Séances Vendredi 15 mars 2024

– Communication de Mme Solène Marion de Procé, responsable de la mission archéologique des îles Farasān, et M. Mohammed Ali al-Malki, représentant du ministère de la Culture saoudien, sous le patronage de M. Christian ROBIN : « Rome et les îles Farasān (Arabie saoudite), nouvelles données archéologiques. »

 

 

 

 

Résumé 

Depuis plus de 10 ans, une équipe franco-saoudienne mène une enquête archéologique de terrain sur l’archipel des îles Farasān, situé au large de l’importante ville portuaire de Jizān, dans le Sud-Ouest du royaume d’Arabie Saoudite. Plusieurs opérations menées sur différents sites de l’île principale de l’archipel permettent d’apporter des informations nouvelles sur les liens qui unissaient les îles Farasān et l’empire Romain. Deux d’entre eux apportent des données matérielles au dossier d’épigraphie latine présenté il y a 20 ans par F. Villeneuve, C. S. Phillips et W. Facey. Les textes latins et les vestiges qui leur sont associés, datés du IIe. siècle, témoignent de la présence d’un détachement militaire envoyé à plus de 1000 km des frontières impériales d’alors afin de sécuriser les voies commerciales maritimes menacées par une intense piraterie mentionnée par les auteurs antiques (Pline l’Ancien, auteur du Périple de la mer Érythrée).

Cette nouvelle documentation permet de mieux saisir l’emprise territoriale romaine sur l’archipel Farasān, les stratégies mises en place pour exploiter les ressources naturelles ainsi que les effets de cette présence étrangère sur la communauté locale. Le retrait du contingent militaire intervient, semble-t-il, assez subitement.

Quelques siècles après ce retrait et un déclin apparent dans l’occupation, les sources évoquent de nouveau Farasān (sources épigraphiques sudarabiques, littérature hagiographique, récit de voyage de Nonnosos, ambassadeur de l’empereur Justinien envoyé en Arabie en 540). Au VIe siècle, l’archipel est alors peuplé de communautés christianisées. Au cours du conflit qui opposa le souverain ḥimyarite Yuṣūf (Joseph, dhū-Nuwās), soutenu par la Perse et le négus du royaume d’Aksūm, soutenu par l’empire Romain d’Orient, le Martyre de Saint Aréthas, rédigé en grec, nous informe que “Farasān” aurait contribué à l’expédition punitive aksūmite, suite au massacre des chrétiens à Najrān (525). Là encore, les découvertes archéologiques apportent des données complémentaires aux textes et soulignent les liens particuliers qui ont uni les îles Farasān et le pouvoir romain.

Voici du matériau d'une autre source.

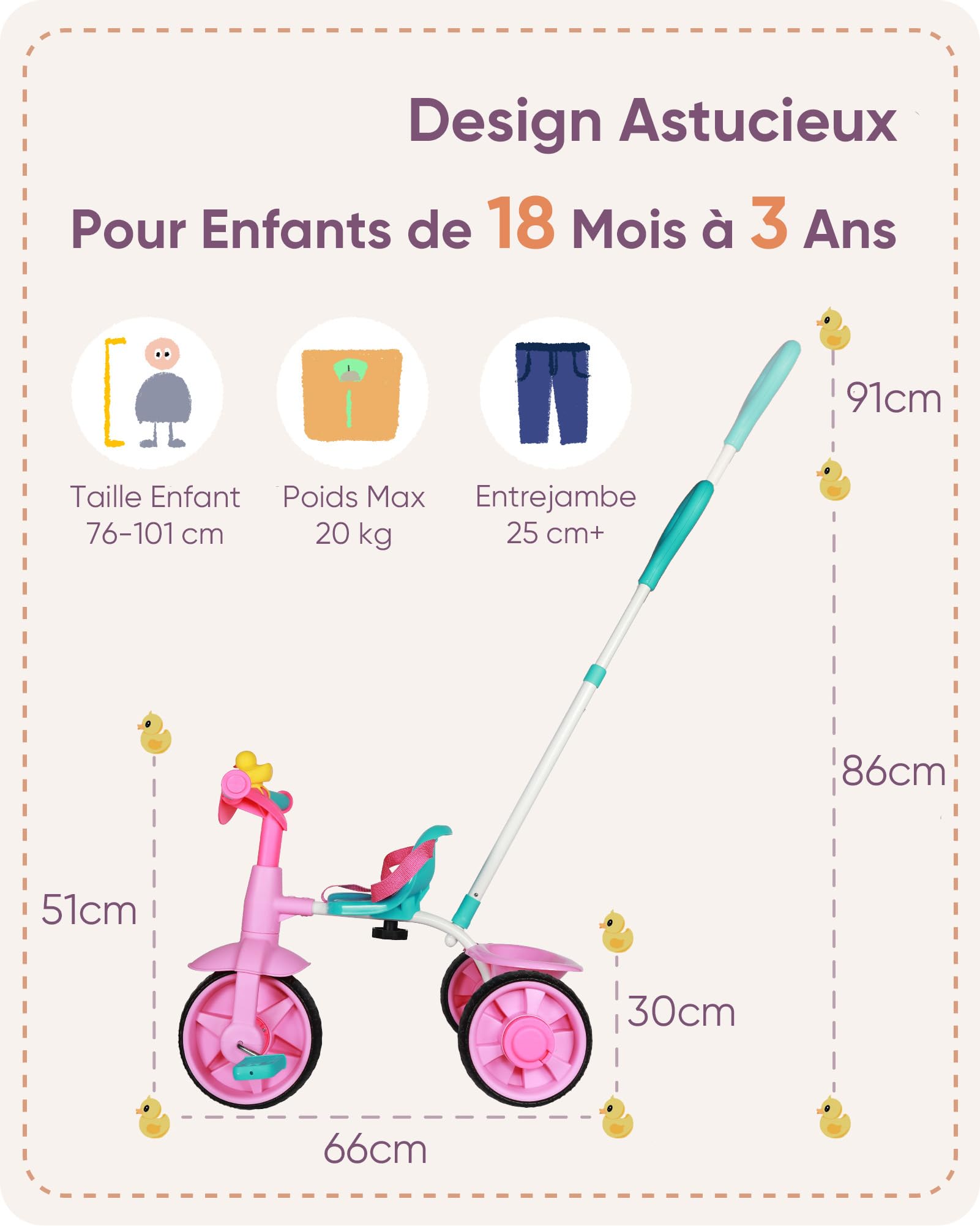 KRIDDO Tricycle 2 en 1 pour Enfants de 18 Mois à 3 Ans, Roues EVA, Cadeau avec Poignée de Poussée et Klaxon en Forme de Canard, Vélo Draisienne, Rose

Mots-clés : mer Rouge, Antiquité, Rome, Farasān, archéologie

 

Abstract

For more than 10 years, a Saudi-French team has been conducting an archaeological field survey of the Farasān Islands archipelago, located off the coast of the important port city of Jizān, in the south-west of the Kingdom of Saudi Arabia. Several operations carried out at different sites on the main island of the archipelago are providing new information on the links between the Farasān Islands and the Roman Empire. Two of them bring archaeological data to the dossier of Latin epigraphy presented 20 years ago by Fr. Villeneuve, C.S. Phillips and W. Facey. The Latin texts and associated remains, dated to the 2nd century, attest to the presence of a military detachment sent more than 1,000 km from the imperial frontiers of the time in order to secure the maritime trade routes threatened by the intense piracy mentioned by ancient authors (Pliny the Elder, author of the Periplus Maris Erythraei).

This new documentation provides a better understanding of the Roman territorial hold on the Farasān archipelago, the strategies put in place to exploit its natural resources and the effects of this foreign presence on the local community. The withdrawal of the military contingent seems to have come rather suddenly.

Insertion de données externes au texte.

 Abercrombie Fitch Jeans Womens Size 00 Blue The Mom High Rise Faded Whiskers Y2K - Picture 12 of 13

A few centuries after this withdrawal and an apparent decline in occupation, sources mention Farasān again (South Arabian epigraphic sources, hagiographic literature, travel account of Nonnoso, an ambassador of the emperor Justinian sent in Arabia in 540). In the 6th cent., the archipelago was populated by Christian communities. During the conflict between the ḥimyarite ruler Yuṣūf (Joseph, dhū-Nuwās), supported by Persia, and the negus of the kingdom of Aksūm, supported by the Eastern Roman Empire, the Greek-written Martyrium Sancti Arethae informs us that “Farasān” is said to have contributed to the Aksūmite punitive expedition, following the massacre of Christians at Najrān (525). Here again, archaeological discoveries provide additional data to the texts and highlight the special links that united the Farasān Islands and the Roman power.